While I had my rhubarb sweating, I got out my puff pastry and cut off a slab, rolled it out to 1/8" thick and used an empty cottage cheese container to cut out rounds. I lined the oven with Mom's long since broken baking stone (but I still use it as an oven liner when I bake bread and pastries) so I'd have a hot and stony surface to bake the pastry on. I assembled the tarts on a sheet of parchment which I transferred to the stone with a cookie sheet. While I was waiting for the oven to get good and hot (425 degrees), I used a bowl to score each round and press a border into the dough. I docked the centers with a fork and then piled the rhubarb on top, trying to stay within the borders.
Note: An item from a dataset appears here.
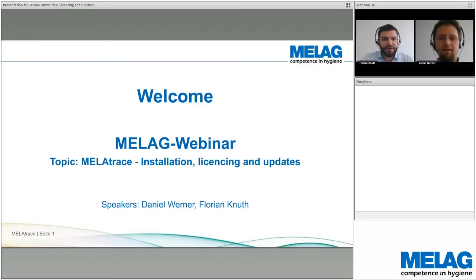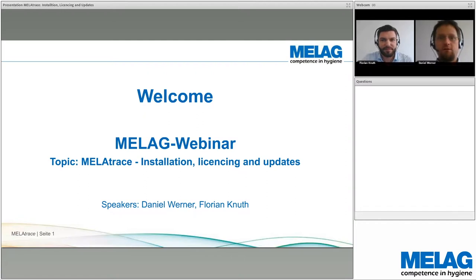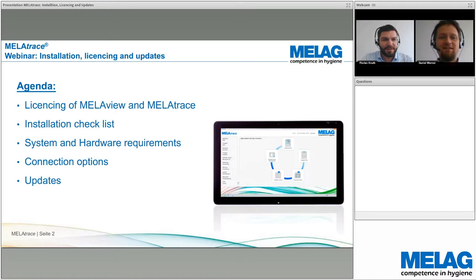Good morning, good afternoon, good evening, wherever you are. Welcome to our Mela webinar. Today's topic is MelaTrace: the installation, licensing, and how to update the software. My name is Florian Knut, I'm the product manager in charge for the MelaTrace software, and next to me is Daniel Werner, the IT supporter for MelaTrace and other network issues.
Now if you have never worked with puff pastry, you have never lived. I use the recipe published May of 2002 in Martha Stewart Living Magazine and have had nothing but exemplary results each time. This recipe uses a full pound of butter and makes 2 pounds of dough that can be frozen up to 3 months. The dough starts as a very light simple pastry with flour, cake flour, 1/2 stick of butter, and ice water. It is almost a light biscuit dough. You chill this dough while you shape your butter. 3 1/2 sticks of butter are beaten between parchment paper until it is malleable and shaped into a 6 x 6" square. Beating it with a pin softens it without warming it. You then remove the dough from the fridge and roll it into a 9" disc. Center the butter package on this disc and mark the straight edges around the butter package with a knife. Remove the butter package and use a rolling pin to roll the edges past the knife markings into a clover shape. Recenter the butter package onto the dough and fold the clover leaves up as you would an envelope. Now carefully and slowly use your rolling pin to press and shape the dough into a 20 x 10" rectangle, keeping the edges as square as possible. Fold the dough up as you would a business letter and wrap in the butter pounding parchment. Chill for 30-60 minutes. Remove the dough from the fridge and again slowly press and shape the dough into a 20 x 10" rectangle and again fold up. Chill as before. Repeat this until you have folded the dough a total of 6 times. You can then use it or freeze it and use it as you do. You can have it longer than 3 months, but after then it will start to oxidize and turn a kind of gray color. It tastes just as wonderful, but it isn't as pretty!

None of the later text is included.